How do you know if the beer you’re buying is truly from a craft brewer? The Brewers Association (BA), publishers of CraftBeer.com, is launching the independent craft brewer seal, which could be a game changer in terms of transparency on the shelf.

The BA says the new seal is a visual signal to help you make decisions when you shop.

“A lot of beer lovers really care about who makes their beer and they want to make sure it comes from a small and independent craft brewer,” explains Paul Gatza, the director of the Brewers Association. “What this provides is a clear message to the beer drinker.”

(VISIT: Find a U.S. Craft Brewery)

That means in the coming weeks and months, you’ll start seeing the seal on craft brewers’ beer bottles, cans, labels, tap handles and websites. The seal is your signal that the beer you’re buying is from an independent craft brewer.

The BA says global brewers’ buying spree of once-independent craft brewers in the last half decade has created muddy waters for drinkers who want to support independent brewers.

“The beer lover has a right to know when they’re purchasing a beer from an independent craft brewer or big beer.” ~Julia Herz, CraftBeer.com Publisher

“Big beer has gotten into the full-flavored beer space and are now more regionally located with their acquired formerly independent breweries,” explains Julia Herz, director of the BA’s Craft Beer Program and CraftBeer.com publisher. “The beer lover has a right to know when they’re purchasing a beer from an independent craft brewer or big beer. This seal will allow them to make their choice with a visual mark.”

(READ: 7 Breweries Worth a Detour

An Idea Years in the Making

Gatza says the independent craft brewer seal has been decades in the making. In 1994, a group of brewers exploring craft beer authenticity evaluated the idea of a seal but later shelved it.

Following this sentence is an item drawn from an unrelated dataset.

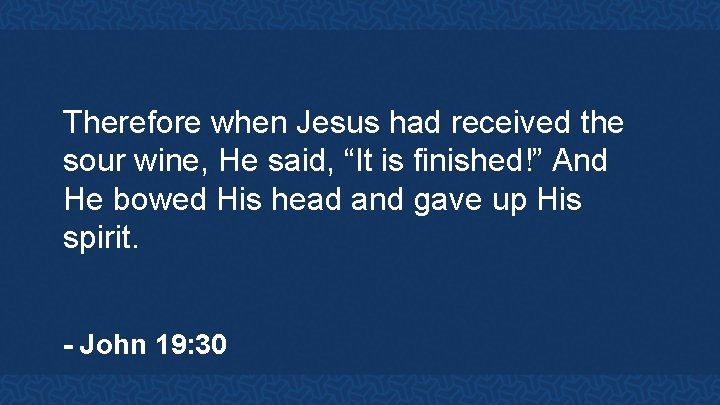 Therefore when Jesus had received the sour wine, He said, “It is finished!” And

A little more than a decade later (2006-2007), Gatza says the BA’s Public Relations and Marketing Committee explored the idea. Eventually, the BA Board of Directors, which is made up of brewery members, decided not to move forward with the seal. Instead, they created the craft brewer definition.

If past committees had vetoed a seal not once, but twice, what makes 2017 the right time?

“A lot of brewers have realized they want to be able to differentiate,” Gatza tells CraftBeer.com. “We’re hearing from a lot of our member breweries that they are looking for something like this now.”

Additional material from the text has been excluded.